[Image-caption web data]
⁂

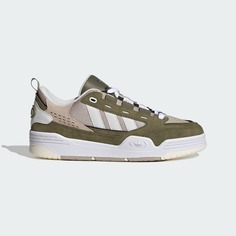 Кеды мужские Adidas IG1029 зеленые 10.5 UK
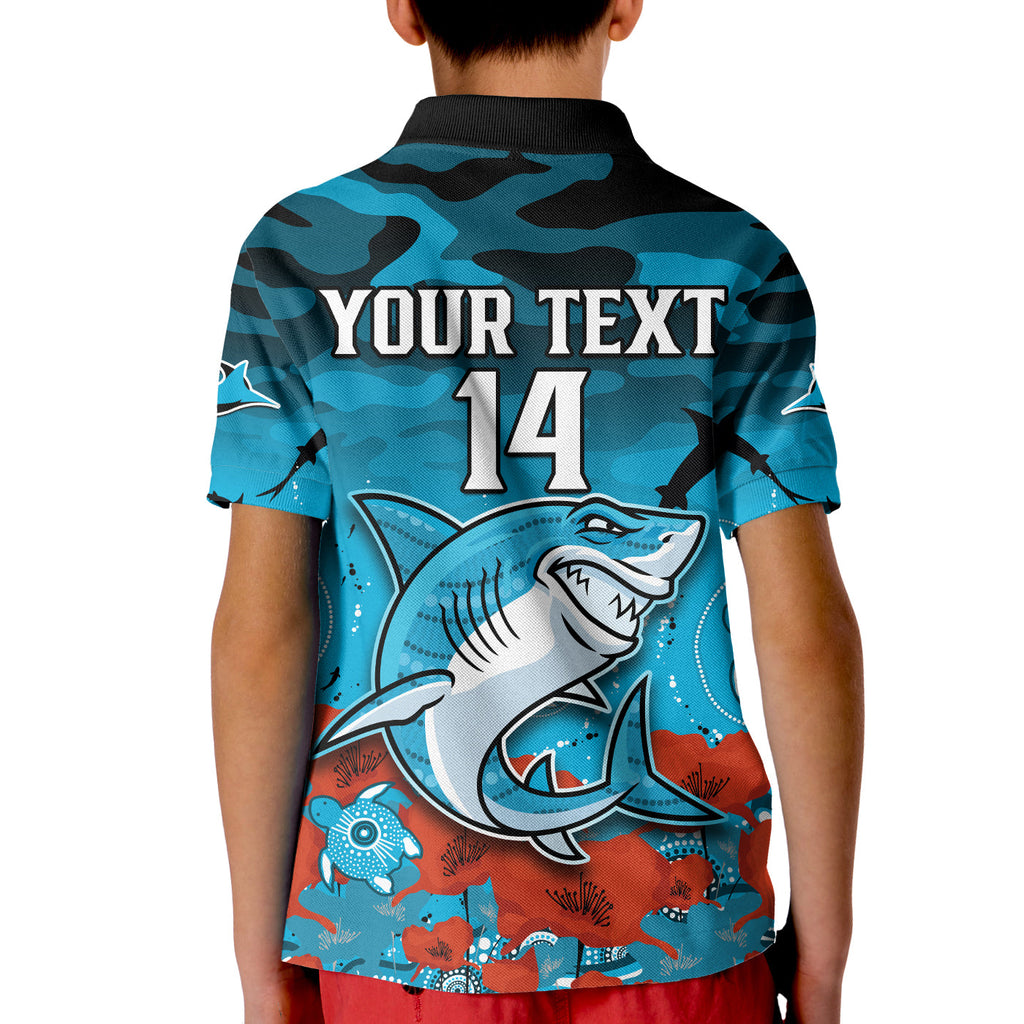 custom-text-and-number-sharks-anzac-2023-polo-shirt-camouflage-poppy-mix-aboriginal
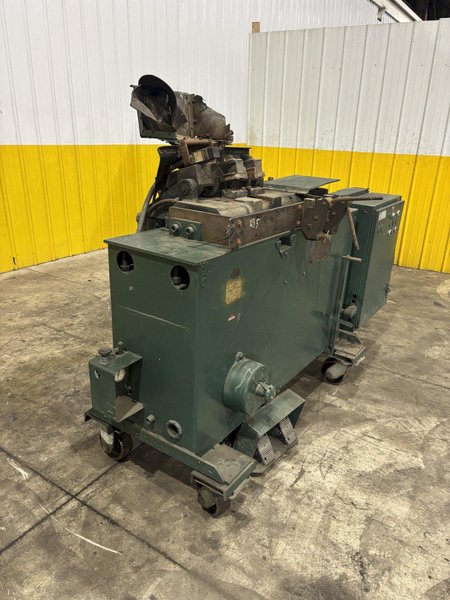 3/4" MICRO WELD PRODUCTS MODEL #MD4 WIRE BUTT WELDER: STOCK #23035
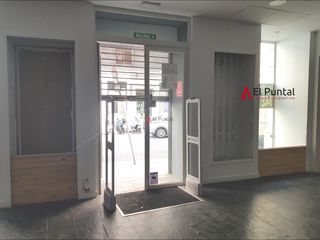Lloguer Local Comercial a Centro - Ayuntamiento. Amplio local céntrico a un paso de bahíacatedral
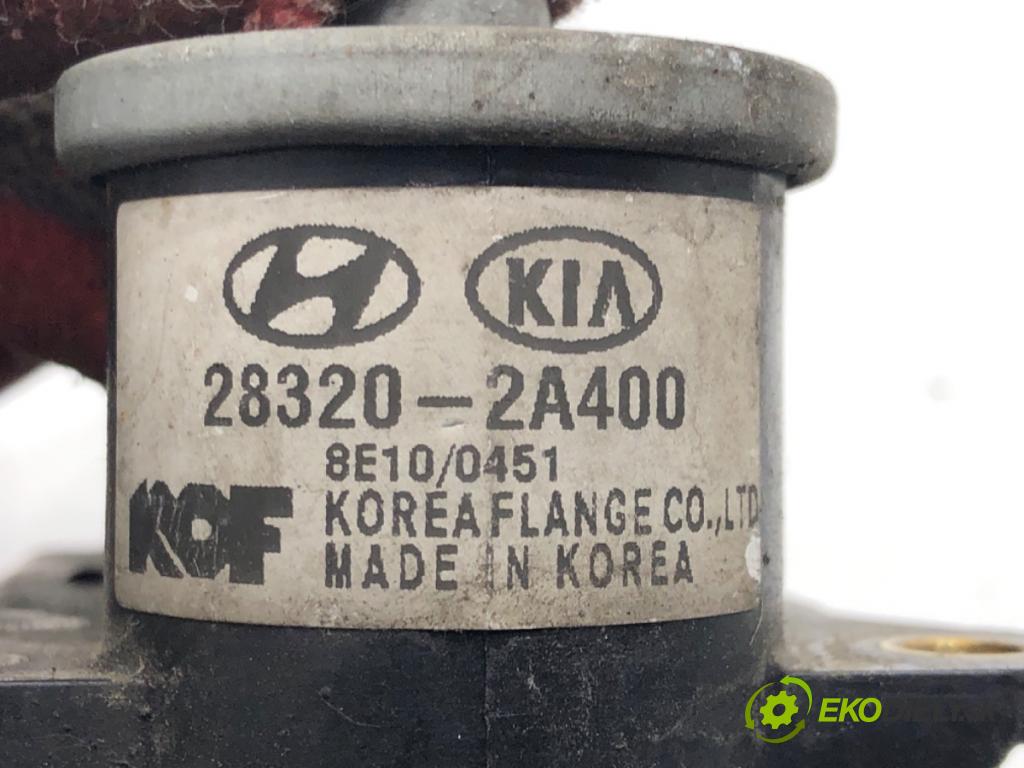 KIA VENGA (YN) 2010 - 2022    1.6 CRDi 115 85 kW [116 KM] olej napędowy 2010 - 2022  nastavovač svod, potrubí 28320-2A400 (Ostatní)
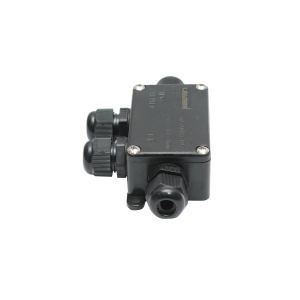 Doza etansa cu presetupe 41A 450V AC, 4 cai 4-8mm IP65 Leader, Leader, BK79123 - Img 4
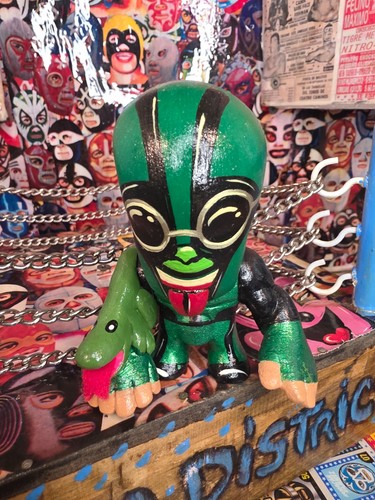 Lucha Libre Figuren/Sammlerstücke - Bild 79 von 285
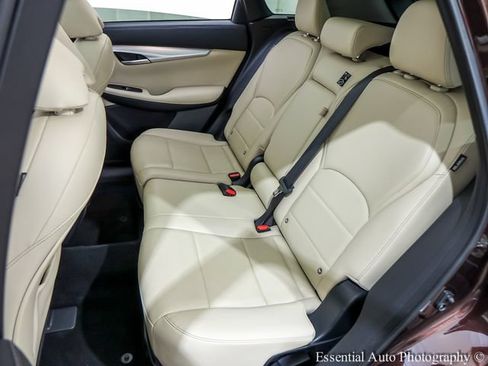 Used 2021 INFINITI QX50 Sensory w/ Accent Package AWD/4WD image 12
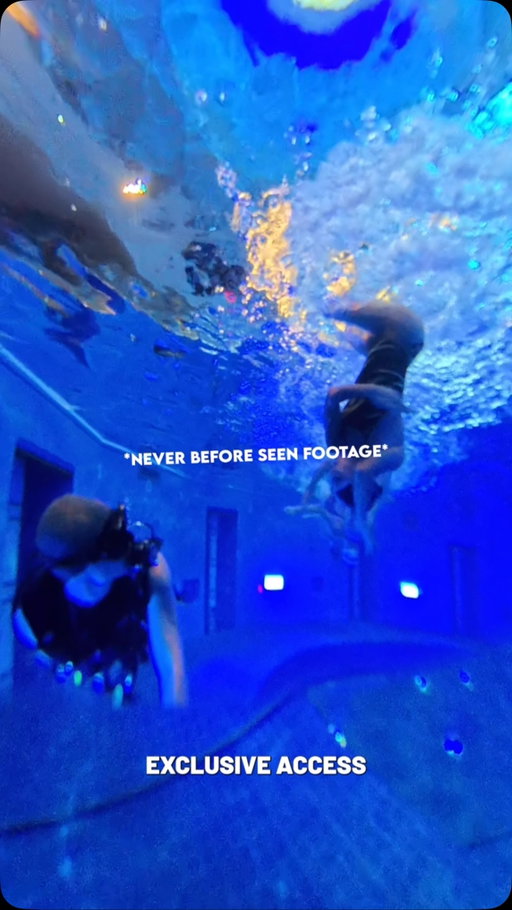 No guest has ever been allowed in this pool! 😳

We got the chance to meet Christi Coachman, Vice President of @royalcaribbeanentertainment for a behind-the-scenes look at the incredible Aquashows 🤩

#royalcaribbean #legendoftheseas #royalambassador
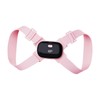 Smart Back Brace Auto Sensing Vibration Alert Elastic High Strength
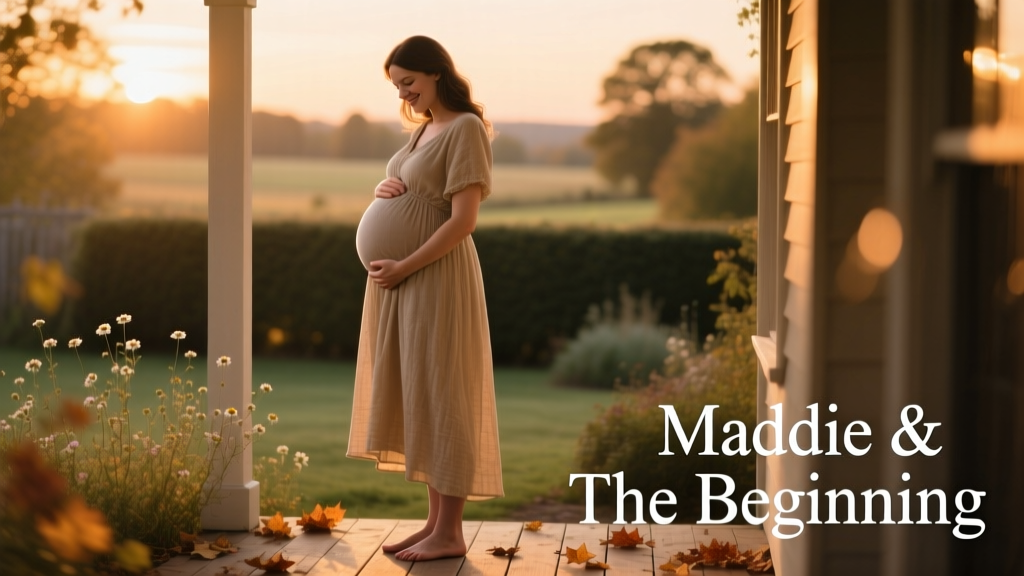 Maddie: A Real-World Case Study in Evidence-Based Prenatal Care and Birth Preparation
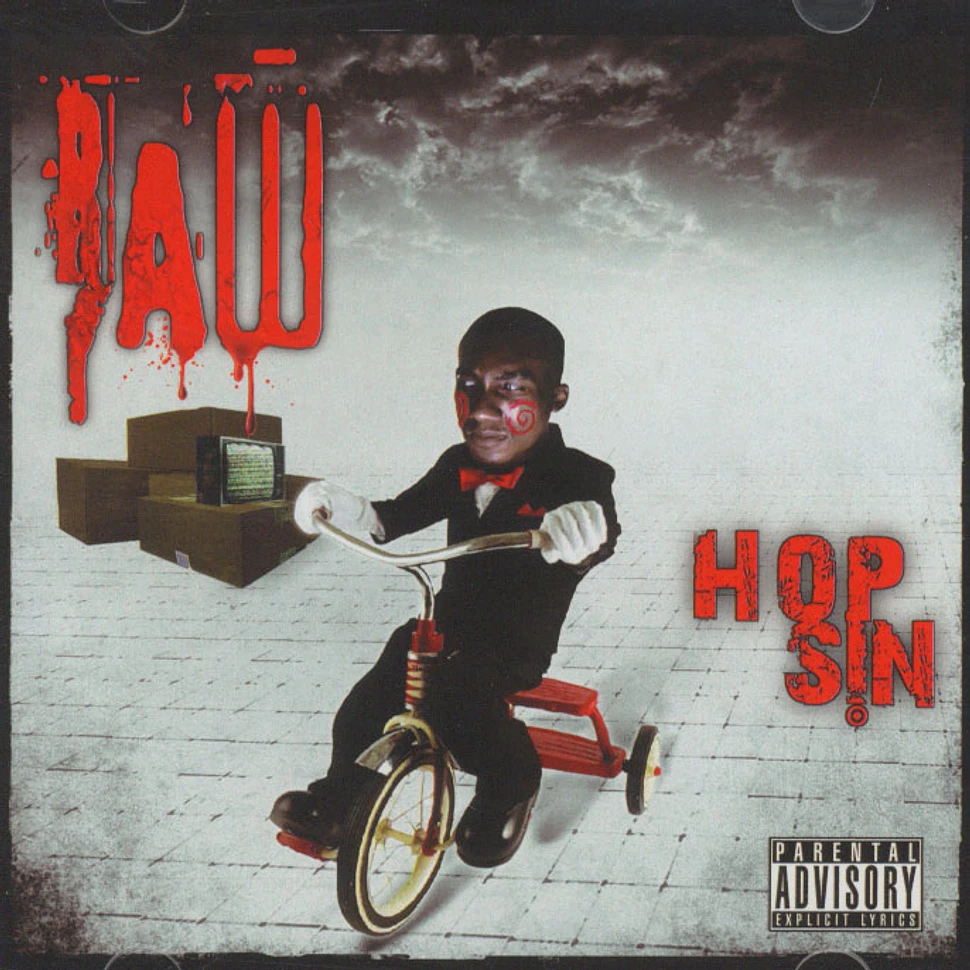 Hopsin - Raw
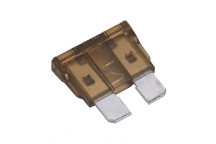 Sealey Automotive Standard Blade Fuse 7.5A Pack of 50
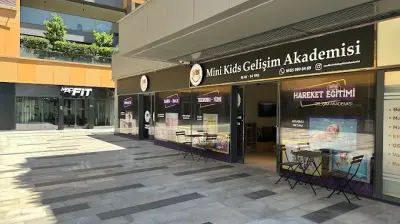 Mini Kids Gelişim Akademisi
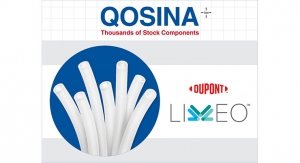 Qosina Teams up with DuPont™ Liveo™ Healthcare Solutions to Market Its Liveo™ Biopharmaceutical-grad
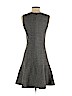 Theory Gray Casual Dress Size 4 - photo 2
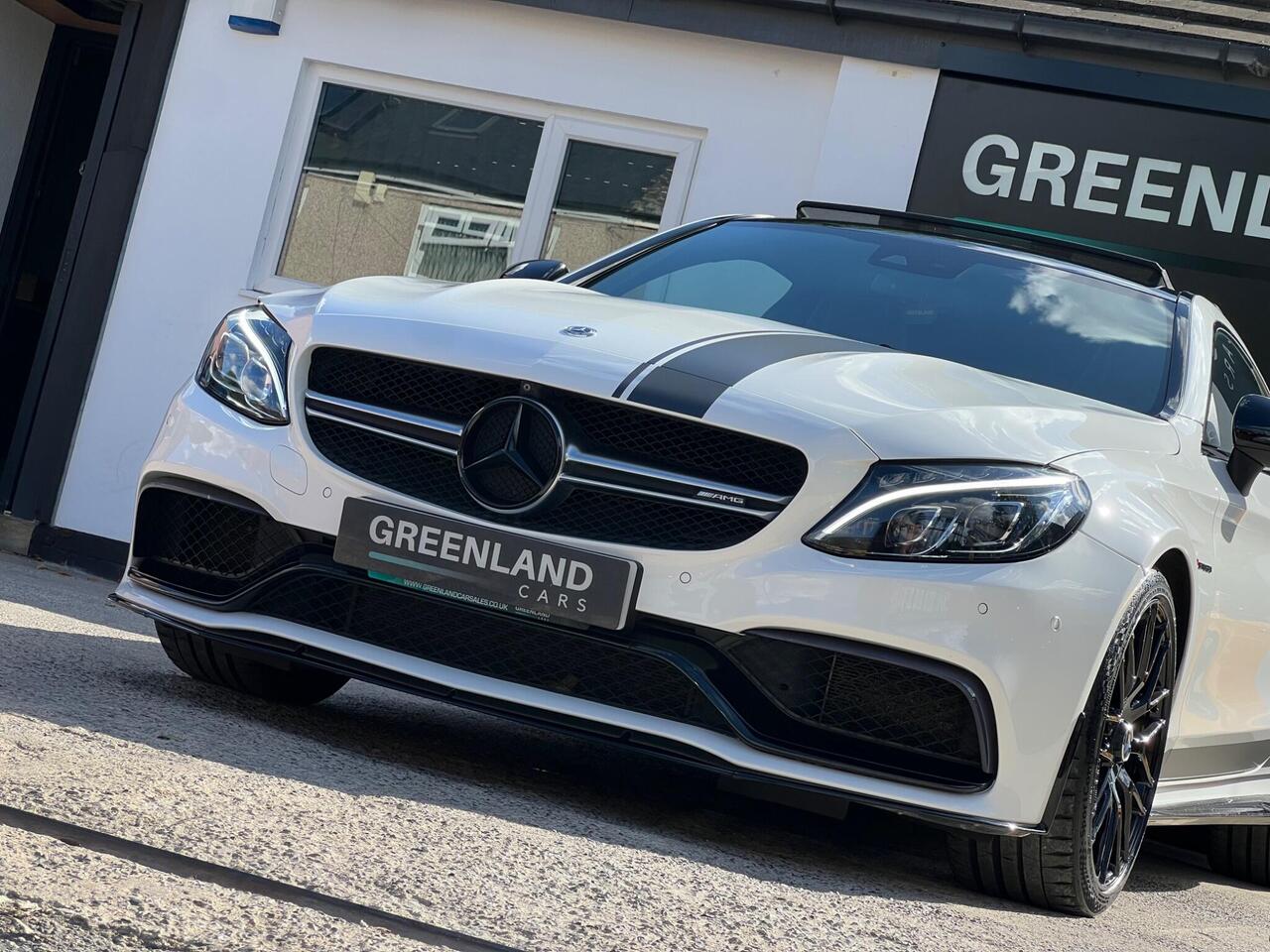 Used 2017 Mercedes-Benz C Class for sale in Sheffield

⁂

* [WHAT TO WORK ON]: Retype only the lines that run from the first line of the entries above to the line containing "No guest has", both included. Do not carry over any pictures.

* [ANSWER AREA]:
 Кеды мужские Adidas IG1029 зеленые 10.5 UK
 custom-text-and-number-sharks-anzac-2023-polo-shirt-camouflage-poppy-mix-aboriginal
 3/4" MICRO WELD PRODUCTS MODEL #MD4 WIRE BUTT WELDER: STOCK #23035
Lloguer Local Comercial a Centro - Ayuntamiento. Amplio local céntrico a un paso de bahíacatedral
 KIA VENGA (YN) 2010 - 2022    1.6 CRDi 115 85 kW [116 KM] olej napędowy 2010 - 2022  nastavovač svod, potrubí 28320-2A400 (Ostatní)
 Doza etansa cu presetupe 41A 450V AC, 4 cai 4-8mm IP65 Leader, Leader, BK79123 - Img 4
 Lucha Libre Figuren/Sammlerstücke - Bild 79 von 285
 Used 2021 INFINITI QX50 Sensory w/ Accent Package AWD/4WD image 12
 No guest has ever been allowed in this pool! 😳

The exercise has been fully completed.